Influence of magnetic field on biopothane of leguminous seeds

Authors

  • V. Savchenko National University of Life and Environmental Sciences of Ukraine image/svg+xml
  • O. Sinyavsky National University of Life and Environmental Sciences of Ukraine image/svg+xml
  • I. Garas National University of Life and Environmental Sciences of Ukraine image/svg+xml

DOI:

https://doi.org/10.31548/energiya2018.06.006

Abstract

Pre-sowing seed treatment in a magnetic field has advantages over other electrotechnical methods. Installations used for magnetic processing of seeds, characterized by high productivity, are safe for maintenance personnel and the environment.

However, the lack of explanation of the effect of the magnetic field on the processes occurring in the seed, does not allow to establish all the effective factors in the magnetic processing of seeds and determine their optimal values.

Currently, the general disadvantage of existing methods of electromagnetic stimulation is the lack of an instrumental definition of the dose of treatment. Its optimum value is determined by yield, which depends to a large extent on agro-climatic factors, soil fertility, applied cultivation technology, etc.

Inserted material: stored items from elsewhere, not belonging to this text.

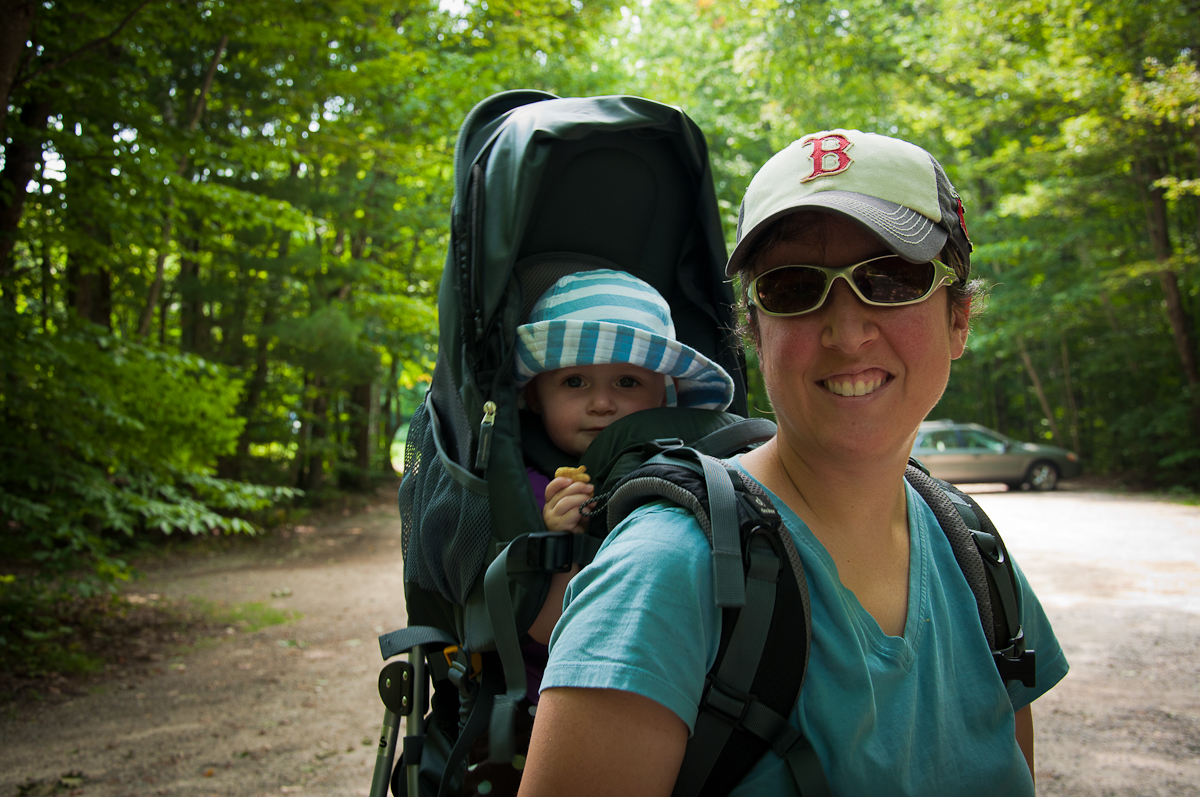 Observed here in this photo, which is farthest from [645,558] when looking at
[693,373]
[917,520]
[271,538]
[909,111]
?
[909,111]

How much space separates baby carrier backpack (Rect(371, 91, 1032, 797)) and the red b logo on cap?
19.3 inches

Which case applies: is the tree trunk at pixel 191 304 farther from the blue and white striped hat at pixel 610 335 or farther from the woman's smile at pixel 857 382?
the woman's smile at pixel 857 382

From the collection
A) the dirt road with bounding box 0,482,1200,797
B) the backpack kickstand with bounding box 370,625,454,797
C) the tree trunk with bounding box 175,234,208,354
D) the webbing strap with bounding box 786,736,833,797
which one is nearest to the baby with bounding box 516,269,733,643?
the backpack kickstand with bounding box 370,625,454,797

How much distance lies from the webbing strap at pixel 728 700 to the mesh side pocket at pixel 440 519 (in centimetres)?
91

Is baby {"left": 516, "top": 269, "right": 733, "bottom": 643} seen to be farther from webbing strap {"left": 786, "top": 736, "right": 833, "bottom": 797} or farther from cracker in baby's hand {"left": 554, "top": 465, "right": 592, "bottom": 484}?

Therefore, in order to determine the most effective modes of magnetic processing of seeds, it is necessary to develop a method for indicating its effect.

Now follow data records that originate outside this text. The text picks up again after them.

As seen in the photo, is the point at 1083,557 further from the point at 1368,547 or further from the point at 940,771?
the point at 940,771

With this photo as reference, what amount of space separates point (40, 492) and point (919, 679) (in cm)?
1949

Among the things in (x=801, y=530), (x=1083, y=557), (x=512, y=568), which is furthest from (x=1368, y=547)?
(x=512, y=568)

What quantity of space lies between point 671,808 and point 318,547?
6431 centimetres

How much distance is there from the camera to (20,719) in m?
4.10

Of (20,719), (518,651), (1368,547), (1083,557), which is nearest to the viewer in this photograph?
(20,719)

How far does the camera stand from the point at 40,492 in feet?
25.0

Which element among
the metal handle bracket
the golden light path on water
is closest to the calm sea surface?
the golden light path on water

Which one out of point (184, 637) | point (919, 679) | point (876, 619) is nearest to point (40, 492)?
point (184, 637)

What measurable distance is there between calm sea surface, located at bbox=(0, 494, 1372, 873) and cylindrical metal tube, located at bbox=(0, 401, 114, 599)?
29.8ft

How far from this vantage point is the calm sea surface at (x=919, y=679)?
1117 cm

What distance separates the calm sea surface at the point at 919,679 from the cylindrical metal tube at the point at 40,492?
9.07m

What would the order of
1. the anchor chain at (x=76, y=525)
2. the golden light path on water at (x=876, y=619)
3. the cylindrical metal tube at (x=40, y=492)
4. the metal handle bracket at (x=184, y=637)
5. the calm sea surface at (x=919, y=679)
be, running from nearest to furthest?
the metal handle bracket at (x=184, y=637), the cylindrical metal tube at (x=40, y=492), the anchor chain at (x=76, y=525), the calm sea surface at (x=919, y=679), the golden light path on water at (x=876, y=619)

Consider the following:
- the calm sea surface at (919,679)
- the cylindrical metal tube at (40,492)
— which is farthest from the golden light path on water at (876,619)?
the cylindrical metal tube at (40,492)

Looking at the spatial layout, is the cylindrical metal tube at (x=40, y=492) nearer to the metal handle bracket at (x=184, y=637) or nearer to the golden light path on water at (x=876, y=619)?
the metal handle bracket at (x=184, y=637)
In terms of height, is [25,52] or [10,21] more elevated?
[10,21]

The purpose of the study is to determine the influence of the magnetic field on the change in the biopotential of legume seeds.

Seeds of plants undergo a variety of chemical and biochemical reactions, which are predominantly oxidative-reducing.

Experimental investigations of the influence of the magnetic field on the biopotential of the seeds were carried out with seeds of peas of the "Adagumsky" variety and beans of the "Gribovsky" variety.

Seeds were transported on a conveyor through a magnetic field created by four pairs of permanent magnets from the NdFeB intermetallic composite, mounted in parallel above and below the conveyor belt with variable polarity.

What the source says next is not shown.